22.10. Notices- A. P. Travel USA may provide notices to you by posting notices or links to notices in your Network Publisher Account Area. Notices to you also may be made via e-mail, regular mail, overnight courier or facsimile at your contact addresses of record for the Network. If you provide notice to A. P. Travel USA  such notice shall be sent, postage prepaid by U.S. registered or certified mail or by international or domestic overnight courier, to: A. P. Travel USA LLC, 700 S. Trailridge Dr. Independence, Missouri 64050 Attn: CEO. Notices sent by email or facsimile, with or without electronic confirmation, will not be deemed to be valid unless actual receipt is confirmed in writing by an authorized personnel partner of A. P. Travel USA  Service Owner.  
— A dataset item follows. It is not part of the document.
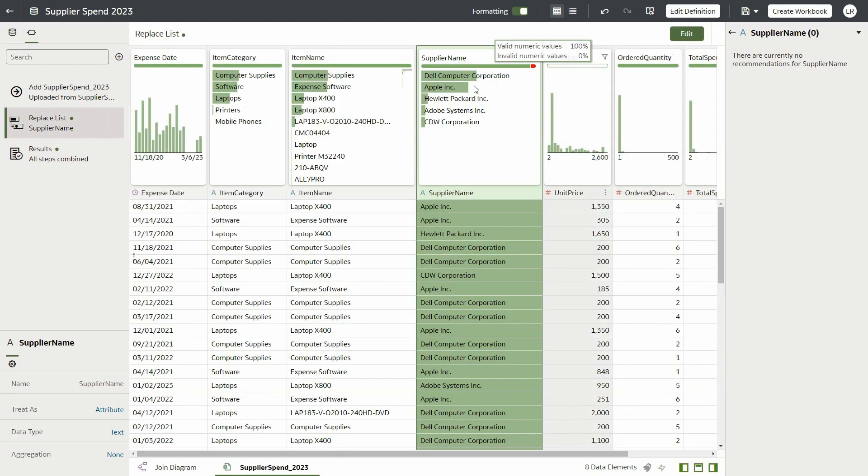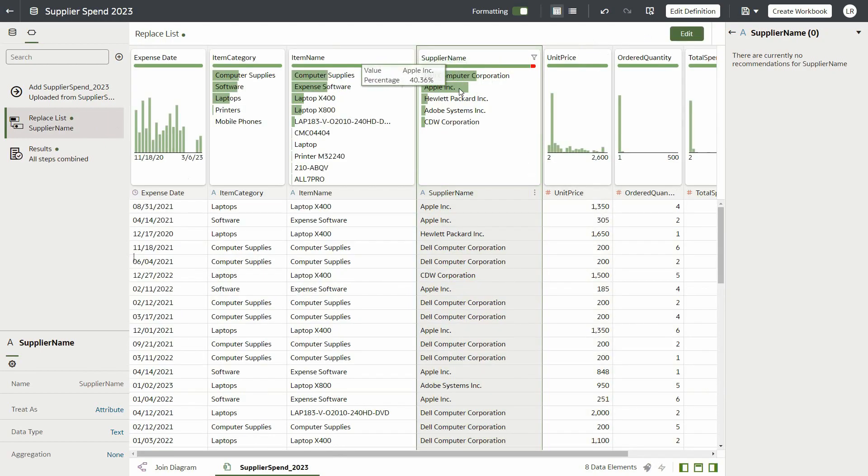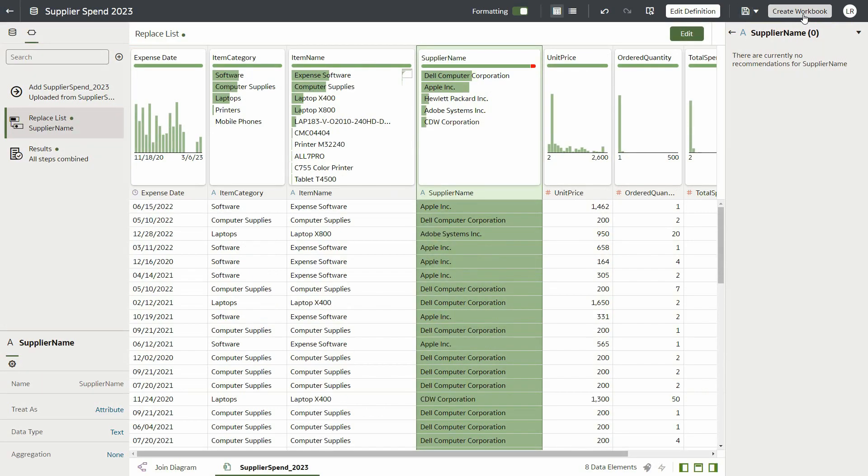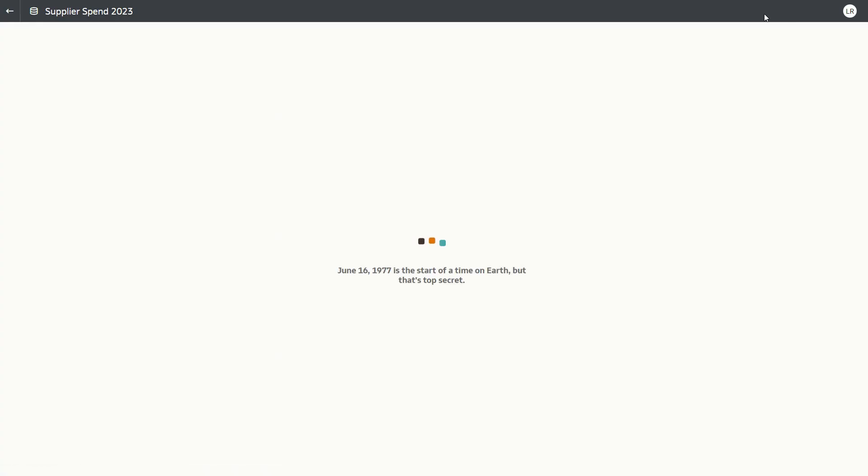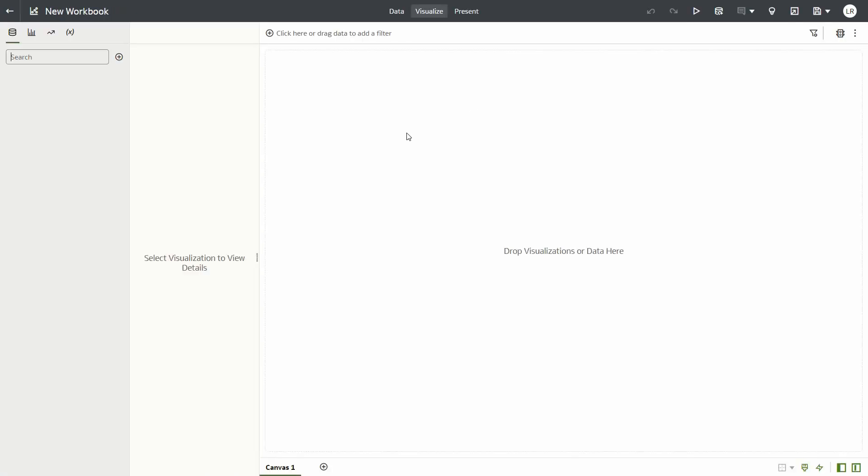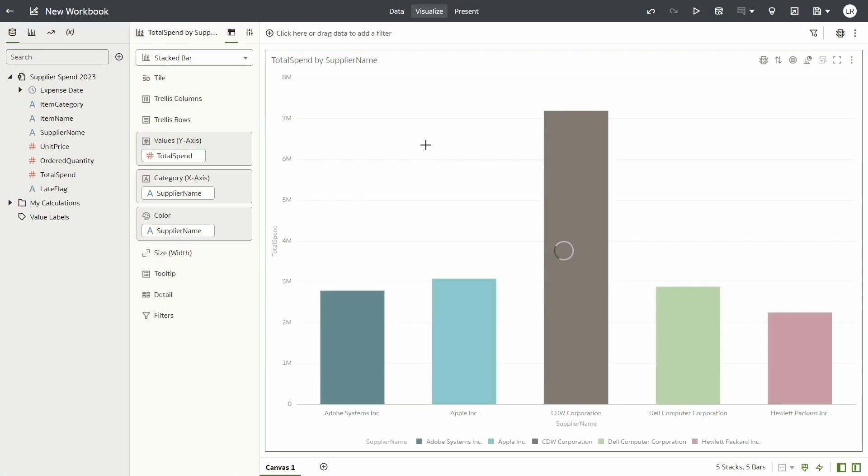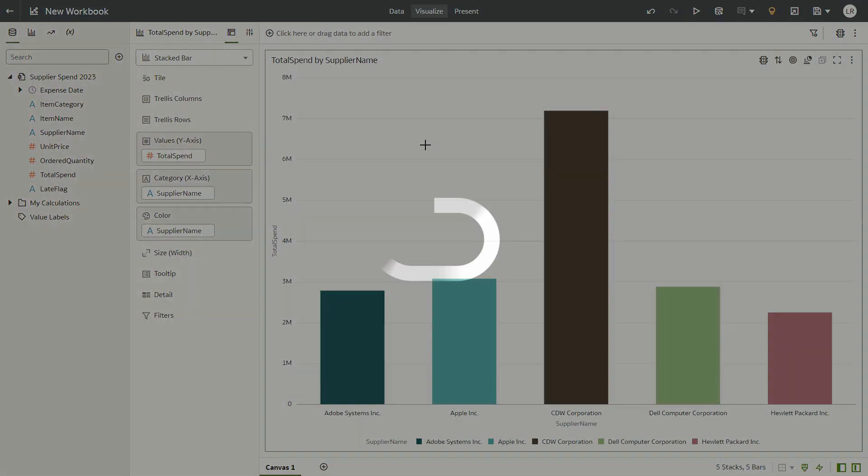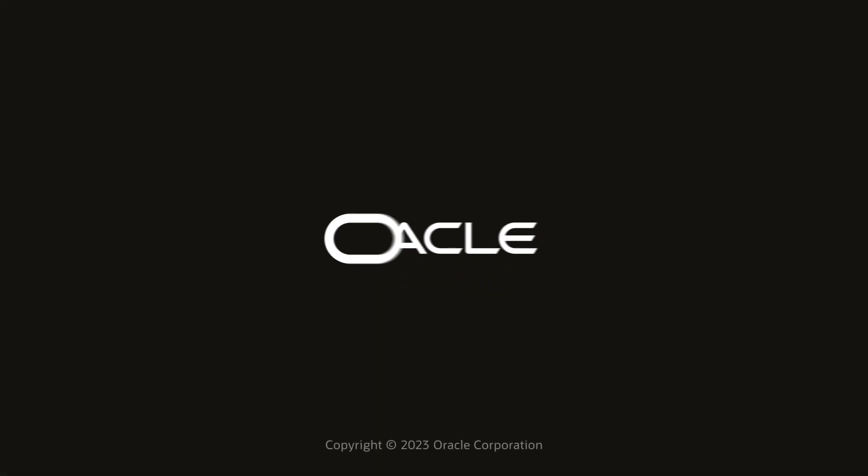So now that we are done, let's save our changes and go to the new workbook and create the same visualization we saw before. Notice that after our changes, how the visualization is now much more accurate and insightful regarding our vendor spend. Thank you for your time.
22.11. Language. This Agreement may be translated into different language versions and, except as provided by applicable law, the English language versions of this Agreement and Network Policies are the controlling versions thereof and shall prevail.

22.12. Class Action Waiver. Any proceedings to resolve or litigate any dispute in any forum will be conducted solely on an individual basis. Neither you nor A. P. Travel USA will seek to have any dispute heard as a class action, private attorney general action, or in any other proceeding in which either party acts or proposes to act in a representative capacity. No arbitration or other proceeding will be combined with another without the prior written consent of all parties to all affected arbitrations or proceedings.